Fourth, contemporary Naga leaders are obsessed with ‘honorific titles’ that many have forgotten the virtue and responsibility of serving or providing quality service to the people they serve. There is a stiff competition for ‘designation wearing or display’ among the Naga leaders. Religious leaders are no exception. As for example, distinguishing titles, such as ‘Rev. Dr.,’ are flourishing among Naga church leaders. Other titles such as ‘En.’ (Engineer) and ‘Ar.’ (Architect), which are not only weird but unknown anywhere, are frequently used among Nagas. Cars with red labels that read ‘President, ABC’ or ‘Secretary, XYZ” are very common sights. Our elected public leaders and bureaucrats compete for VVIP sirens, lights, escorts and name plates, because having in one’s possession such a title not only helps in getting pass ‘check/collection’ points or in avoiding frisking and harassment, but is also a sign of having progressed and advanced ahead of others. They are indications or symbols that one is above the common people and that one has entitlement to certain opportunities and privileges that the commoners do not have.

In order to ameliorate the crisis facing Nagas, our leaders need to reorient their philosophy of leadership with the concept of servant leadership. We need leaders whose hearts are filled not with personal greed and selfish desires, but with a yearning for the welfare of the people. Nagas need leaders who will model leadership that reflects the practice of humility, truth, honesty, integrity, justice, equality, transparency and credibility at the highest level. We need leaders who do not sit ‘high up there’ and throw down crumbs to the common people to feed on, but are willing to bend over, live and work with the masses at their level. 

Our understanding of progress is lopsided. Therefore, our pursuit of it is blind and destructive. Possessive material has come to enslave us and has created dysfunction that undermines the stability of our social fabric. We Nagas, especially our leaders, need to get one thing right – i.e., progress, properly understood, is qualitative rather than quantitative. Real progress should be measured by the degree of justice, equality, peace and advancement of moral virtues in a society. True progress is an advancement of common goods, communal peace and happiness and a moral improvement, rather than selfish material buildup of ill-gotten gains.
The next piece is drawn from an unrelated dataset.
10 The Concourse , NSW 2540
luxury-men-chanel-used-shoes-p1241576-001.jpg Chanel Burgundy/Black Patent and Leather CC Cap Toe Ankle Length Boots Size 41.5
Progress is not acquiring everything we want that we have no need for. Rather, it is having an adequate supply of what we need and jettisoning our wants, which will inexorably result in equitable economic distribution and benefit, more happiness and ease in life for all.
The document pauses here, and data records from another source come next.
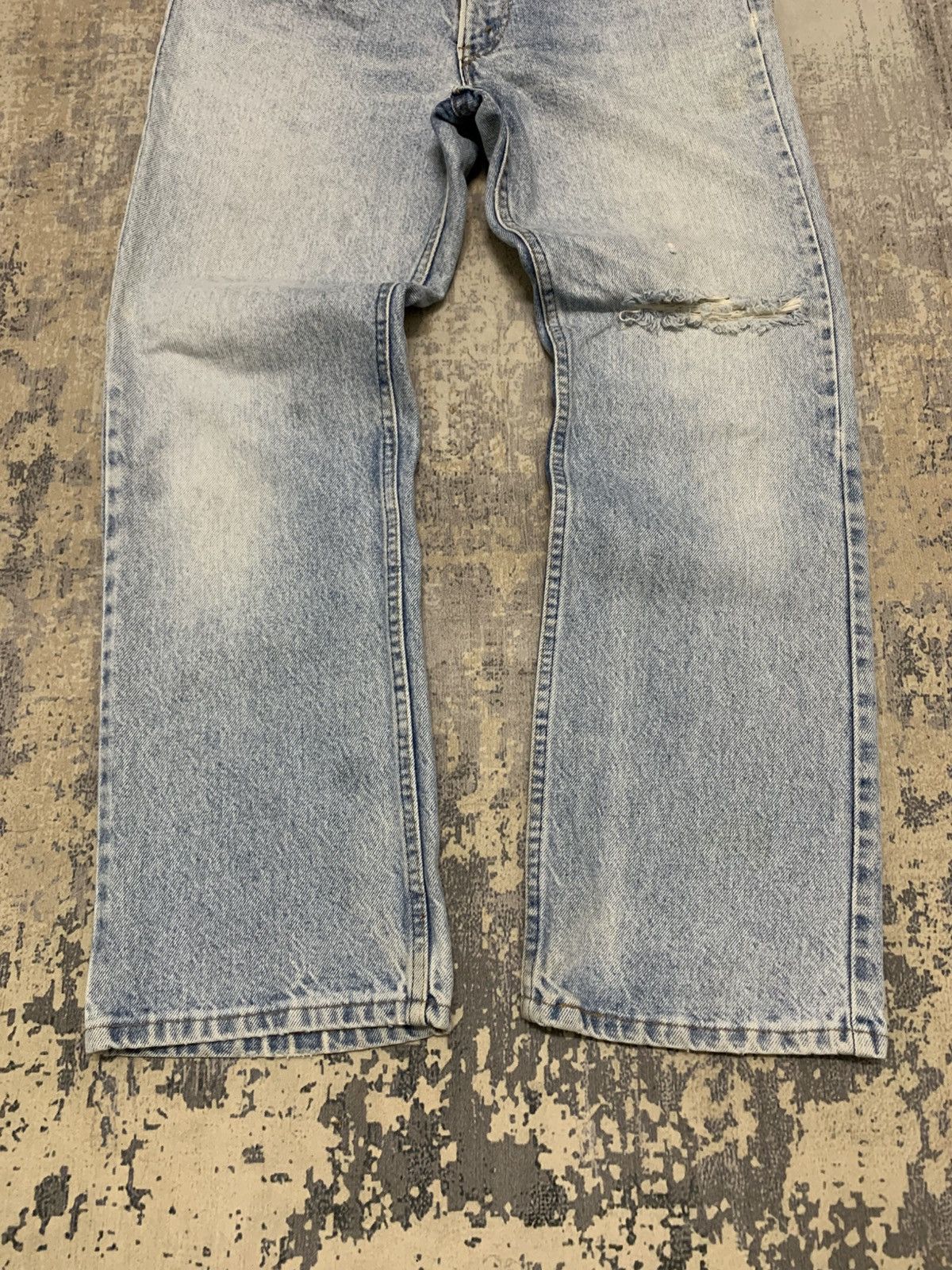 Levi's Vintage Levi's 517 Light Wash Distressed Grunge Jeans 32x27 Size US 32 / EU 48 - 3 Thumbnail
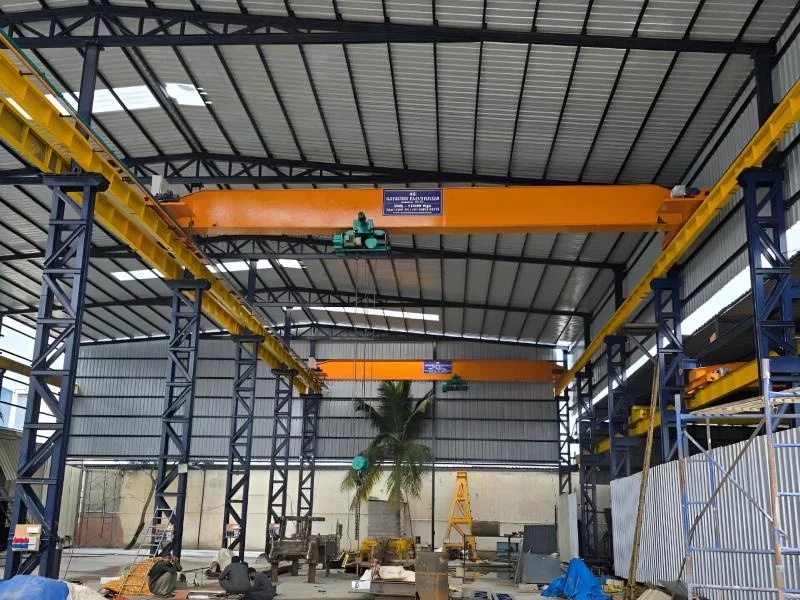 Single Girder EOT Crane Heavy Load Movement Assembly Line Operations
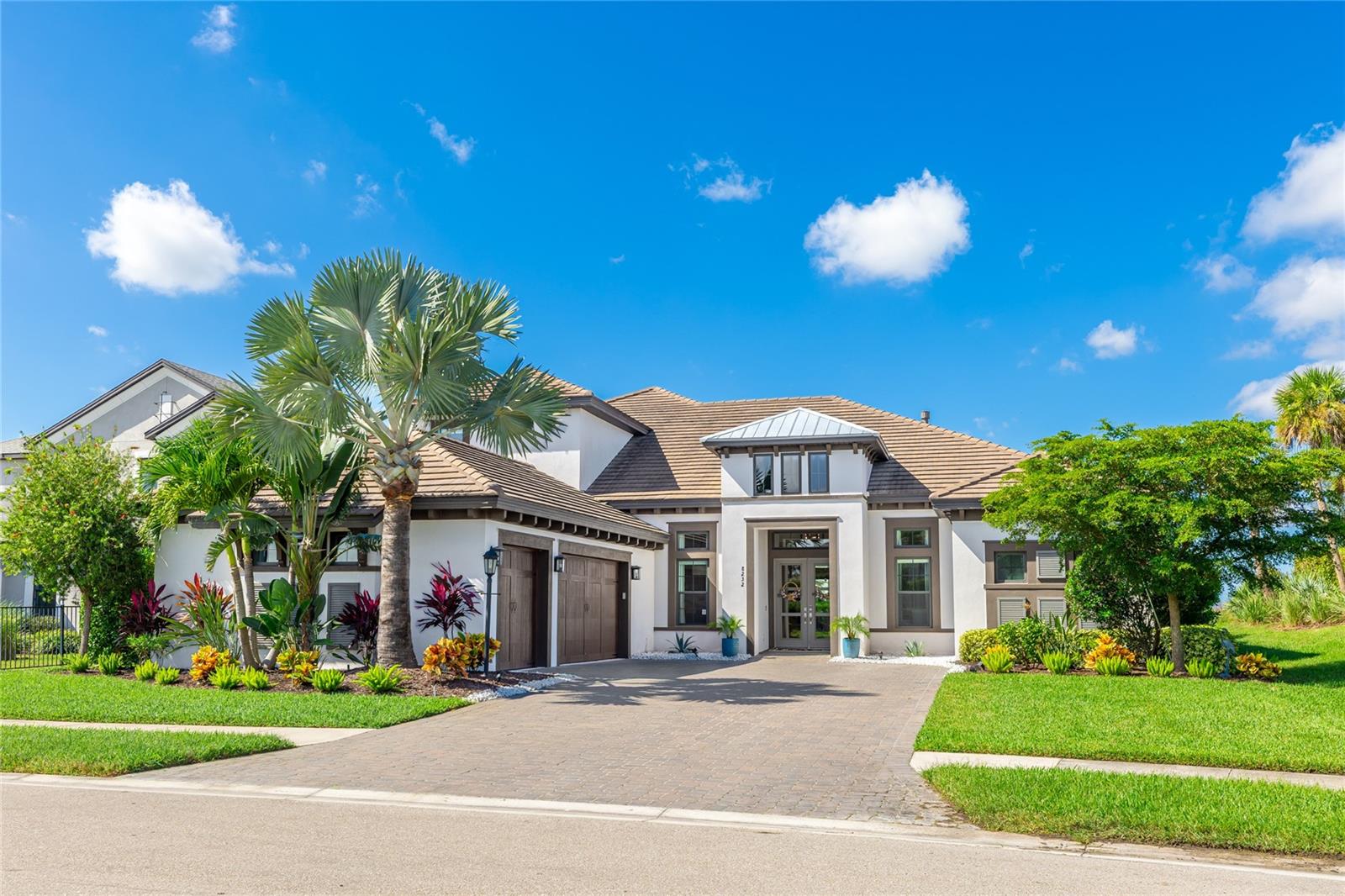 8232 Summer Night, Sarasota, FL 34241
Having said what I’ve said and with the current existential reality of the Nagas in the back of our mind, let me conclude by asking the following questions: Can we Nagas claim to have made progress? Are we in control of progress? Or is progress in control of us? Has progress brought us happiness and advancement in moral virtues? Have we made progress in material accumulation, but regressed in moral advancement? Put it differently, has the quality of our moral standard degenerated because of our enslavement to the modern culture of materialism and consumerism?